[TASK DATA]
▬▬▬▬▬▬
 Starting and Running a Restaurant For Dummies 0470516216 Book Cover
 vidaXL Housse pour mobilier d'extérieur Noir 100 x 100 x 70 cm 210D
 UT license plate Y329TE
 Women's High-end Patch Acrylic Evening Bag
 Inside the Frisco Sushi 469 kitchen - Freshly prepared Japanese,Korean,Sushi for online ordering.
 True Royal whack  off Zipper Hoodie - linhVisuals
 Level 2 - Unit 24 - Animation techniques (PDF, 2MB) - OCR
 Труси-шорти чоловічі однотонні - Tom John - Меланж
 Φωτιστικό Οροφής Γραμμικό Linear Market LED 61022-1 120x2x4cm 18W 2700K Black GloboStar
▬▬▬▬▬▬
[PROBLEM TO SOLVE]
Restate exactly, and only, every line from the one that contains "Труси-шорти чоловічі однотонні" through the last line of the records.

[FINAL ANSWER]
 Труси-шорти чоловічі однотонні - Tom John - Меланж
 Φωτιστικό Οροφής Γραμμικό Linear Market LED 61022-1 120x2x4cm 18W 2700K Black GloboStar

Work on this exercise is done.